Retype the entries exactly, keeping every line intact.

Web page caption snippets
====

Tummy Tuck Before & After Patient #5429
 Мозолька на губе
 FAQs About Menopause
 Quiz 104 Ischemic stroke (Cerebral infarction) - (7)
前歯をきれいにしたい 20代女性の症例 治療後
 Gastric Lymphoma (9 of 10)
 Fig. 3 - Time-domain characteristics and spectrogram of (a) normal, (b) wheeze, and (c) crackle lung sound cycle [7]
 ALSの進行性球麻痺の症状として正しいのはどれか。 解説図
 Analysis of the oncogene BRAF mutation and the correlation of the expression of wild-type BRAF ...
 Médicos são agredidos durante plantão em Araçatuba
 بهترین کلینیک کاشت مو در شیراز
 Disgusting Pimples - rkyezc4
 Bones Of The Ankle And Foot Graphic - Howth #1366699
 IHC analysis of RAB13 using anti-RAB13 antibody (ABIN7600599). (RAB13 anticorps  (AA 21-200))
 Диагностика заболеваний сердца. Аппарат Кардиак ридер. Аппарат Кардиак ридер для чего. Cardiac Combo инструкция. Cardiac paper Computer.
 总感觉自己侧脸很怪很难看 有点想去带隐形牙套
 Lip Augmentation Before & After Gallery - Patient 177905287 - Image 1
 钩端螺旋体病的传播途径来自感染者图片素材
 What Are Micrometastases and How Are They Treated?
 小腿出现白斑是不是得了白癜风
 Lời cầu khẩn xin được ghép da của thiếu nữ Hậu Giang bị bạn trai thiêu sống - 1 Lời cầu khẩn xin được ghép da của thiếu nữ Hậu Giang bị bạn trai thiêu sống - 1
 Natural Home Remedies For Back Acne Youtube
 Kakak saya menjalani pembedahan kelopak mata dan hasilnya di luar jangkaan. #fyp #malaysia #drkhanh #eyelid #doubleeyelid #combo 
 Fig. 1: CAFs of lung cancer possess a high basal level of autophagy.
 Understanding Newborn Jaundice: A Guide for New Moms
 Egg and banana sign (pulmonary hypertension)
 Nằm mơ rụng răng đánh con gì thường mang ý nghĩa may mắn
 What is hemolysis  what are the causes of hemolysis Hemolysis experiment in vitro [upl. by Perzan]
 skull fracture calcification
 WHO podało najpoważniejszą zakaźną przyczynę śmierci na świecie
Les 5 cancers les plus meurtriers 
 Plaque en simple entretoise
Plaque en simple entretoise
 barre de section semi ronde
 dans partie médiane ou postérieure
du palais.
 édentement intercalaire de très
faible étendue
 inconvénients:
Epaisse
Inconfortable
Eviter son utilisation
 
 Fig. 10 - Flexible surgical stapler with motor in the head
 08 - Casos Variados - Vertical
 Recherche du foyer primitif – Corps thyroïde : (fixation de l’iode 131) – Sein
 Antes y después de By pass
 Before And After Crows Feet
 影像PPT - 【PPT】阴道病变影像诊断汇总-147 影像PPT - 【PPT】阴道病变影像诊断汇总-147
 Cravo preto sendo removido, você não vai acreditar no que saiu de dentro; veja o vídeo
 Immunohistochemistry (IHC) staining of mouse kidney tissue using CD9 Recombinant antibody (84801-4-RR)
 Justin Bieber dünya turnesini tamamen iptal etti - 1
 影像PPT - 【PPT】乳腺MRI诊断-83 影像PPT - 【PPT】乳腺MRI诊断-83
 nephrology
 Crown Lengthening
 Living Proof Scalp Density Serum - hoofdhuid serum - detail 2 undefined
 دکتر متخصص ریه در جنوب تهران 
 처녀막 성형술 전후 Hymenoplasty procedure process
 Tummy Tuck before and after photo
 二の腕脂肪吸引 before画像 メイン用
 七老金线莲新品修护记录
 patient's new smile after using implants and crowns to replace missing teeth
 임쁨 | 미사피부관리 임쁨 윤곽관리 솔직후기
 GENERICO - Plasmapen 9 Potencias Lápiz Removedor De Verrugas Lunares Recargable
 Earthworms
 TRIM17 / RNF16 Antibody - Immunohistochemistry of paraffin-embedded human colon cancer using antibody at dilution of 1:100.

====

RESULT OF THE EXERCISE
Tummy Tuck Before & After Patient #5429
 Мозолька на губе
 FAQs About Menopause
 Quiz 104 Ischemic stroke (Cerebral infarction) - (7)
前歯をきれいにしたい 20代女性の症例 治療後
 Gastric Lymphoma (9 of 10)
 Fig. 3 - Time-domain characteristics and spectrogram of (a) normal, (b) wheeze, and (c) crackle lung sound cycle [7]
 ALSの進行性球麻痺の症状として正しいのはどれか。 解説図
 Analysis of the oncogene BRAF mutation and the correlation of the expression of wild-type BRAF ...
 Médicos são agredidos durante plantão em Araçatuba
 بهترین کلینیک کاشت مو در شیراز
 Disgusting Pimples - rkyezc4
 Bones Of The Ankle And Foot Graphic - Howth #1366699
 IHC analysis of RAB13 using anti-RAB13 antibody (ABIN7600599). (RAB13 anticorps  (AA 21-200))
 Диагностика заболеваний сердца. Аппарат Кардиак ридер. Аппарат Кардиак ридер для чего. Cardiac Combo инструкция. Cardiac paper Computer.
 总感觉自己侧脸很怪很难看 有点想去带隐形牙套
 Lip Augmentation Before & After Gallery - Patient 177905287 - Image 1
 钩端螺旋体病的传播途径来自感染者图片素材
 What Are Micrometastases and How Are They Treated?
 小腿出现白斑是不是得了白癜风
 Lời cầu khẩn xin được ghép da của thiếu nữ Hậu Giang bị bạn trai thiêu sống - 1 Lời cầu khẩn xin được ghép da của thiếu nữ Hậu Giang bị bạn trai thiêu sống - 1
 Natural Home Remedies For Back Acne Youtube
 Kakak saya menjalani pembedahan kelopak mata dan hasilnya di luar jangkaan. #fyp #malaysia #drkhanh #eyelid #doubleeyelid #combo 
 Fig. 1: CAFs of lung cancer possess a high basal level of autophagy.
 Understanding Newborn Jaundice: A Guide for New Moms
 Egg and banana sign (pulmonary hypertension)
 Nằm mơ rụng răng đánh con gì thường mang ý nghĩa may mắn
 What is hemolysis  what are the causes of hemolysis Hemolysis experiment in vitro [upl. by Perzan]
 skull fracture calcification
 WHO podało najpoważniejszą zakaźną przyczynę śmierci na świecie
Les 5 cancers les plus meurtriers 
 Plaque en simple entretoise
Plaque en simple entretoise
 barre de section semi ronde
 dans partie médiane ou postérieure
du palais.
 édentement intercalaire de très
faible étendue
 inconvénients:
Epaisse
Inconfortable
Eviter son utilisation
 
 Fig. 10 - Flexible surgical stapler with motor in the head
 08 - Casos Variados - Vertical
 Recherche du foyer primitif – Corps thyroïde : (fixation de l’iode 131) – Sein
 Antes y después de By pass
 Before And After Crows Feet
 影像PPT - 【PPT】阴道病变影像诊断汇总-147 影像PPT - 【PPT】阴道病变影像诊断汇总-147
 Cravo preto sendo removido, você não vai acreditar no que saiu de dentro; veja o vídeo
 Immunohistochemistry (IHC) staining of mouse kidney tissue using CD9 Recombinant antibody (84801-4-RR)
 Justin Bieber dünya turnesini tamamen iptal etti - 1
 影像PPT - 【PPT】乳腺MRI诊断-83 影像PPT - 【PPT】乳腺MRI诊断-83
 nephrology
 Crown Lengthening
 Living Proof Scalp Density Serum - hoofdhuid serum - detail 2 undefined
 دکتر متخصص ریه در جنوب تهران 
 처녀막 성형술 전후 Hymenoplasty procedure process
 Tummy Tuck before and after photo
 二の腕脂肪吸引 before画像 メイン用
 七老金线莲新品修护记录
 patient's new smile after using implants and crowns to replace missing teeth
 임쁨 | 미사피부관리 임쁨 윤곽관리 솔직후기
 GENERICO - Plasmapen 9 Potencias Lápiz Removedor De Verrugas Lunares Recargable
 Earthworms
 TRIM17 / RNF16 Antibody - Immunohistochemistry of paraffin-embedded human colon cancer using antibody at dilution of 1:100.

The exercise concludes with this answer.